Globalement, l’industrie immobilière devra mettre plus d’intelligence et d’énergie pour maintenir des niveaux de profitabilité équivalents. Ce qui signifie plus de collaborateurs, mieux formés et provenant pour certains de secteurs d’activité connexes.  

Les tensions de marché sur les meilleures compétences, déjà extrêmement fortes, devraient encore s’accélérer.

Quelles stratégies de recrutement ?

Nos clients commencent à développer de nouvelles stratégies pour attirer des talents. Ces stratégies sont naturellement combinables :

- améliorer drastiquement la rapidité/l’efficacité du processus de recrutement : définition du projet de recrutement très détaillée et bien marketée ; pas plus de trois rendez-vous avec le candidat avec des interlocuteurs internes attractifs et bien préparés ; éventuellement une mise en situation qui permet au candidat de se projeter dans le poste ; capacité à donner une réponse ferme à un candidat en dix jours ; proposition contractuelle orale immédiatement offensive et non déceptive ; attention à la proposition écrite qui permet au candidat d’obtenir plus facilement une contre-offre de son employeur actuel ; délai de réflexion laissé au candidat le plus court possible (36 h suffisent)…

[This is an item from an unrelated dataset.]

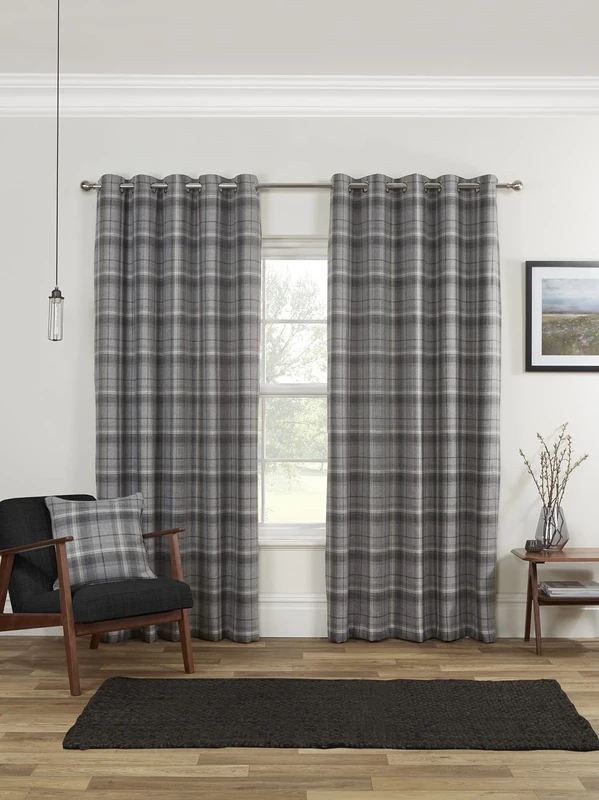 Sundour Carnoustie Eyelet Ring Top Curtains 66x72 Grey, Polyester, 66 x 72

- proposer à des salariés talentueux une aventure entrepreneuriale, associée à de puissants outils d’alignement d’intérêt avec les actionnaires ; par exemple, développer une nouvelle filiale sur un nouveau métier ou un nouveau territoire en associant au capital de la filiale son patron et ses N-1 directs ; ce format est déjà « monnaie courante » chez les promoteurs résidentiels et il devrait se développer chez les investisseurs qui créeront des « operating partners » pour déployer du capital sur des stratégies/classes d’actifs/territoires spécifiques ; l’association du talent et du capital a de beaux jours devant elle ;

- recruter des talents en provenance d’une autre classe d’actif, en amont ou en aval de sa propre chaîne de valeur ou encore qui viennent d’univers connexes à l’immobilier ; et former un binôme/tandem avec un collaborateur interne expérimenté ;  

- attirer plus de profils seniors, moins sollicités par le marché, de nature à stabiliser l’organisation et à jouer un rôle clé de management/formation auprès des plus jeunes collaborateurs ;

- acheter une société avec des compétences clés, à partir de laquelle il sera possible d’attirer d’autres talents (le talent attire le talent) ; cette stratégie est largement utilisée par les sociétés d’AMO et les sociétés de conseil.

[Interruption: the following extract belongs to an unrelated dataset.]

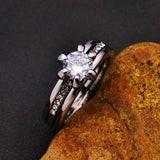 Fashion jewelry New 18k white gold filled CZ zircon finger ring set wedding gift for women ladies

- anticiper une inéluctable hausse des rémunérations en ayant dès à présent des grilles de rémunération un peu supérieures aux moyennes de marché.

En conclusion, créer les conditions d’attraction des talents à même de répondre aux enjeux d’une industrie immobilière en complète mutation va nécessiter plus de rapidité, d’offensivité et de créativité. Cet enjeu stratégique devra être doublement porté les directions générales et les DRH.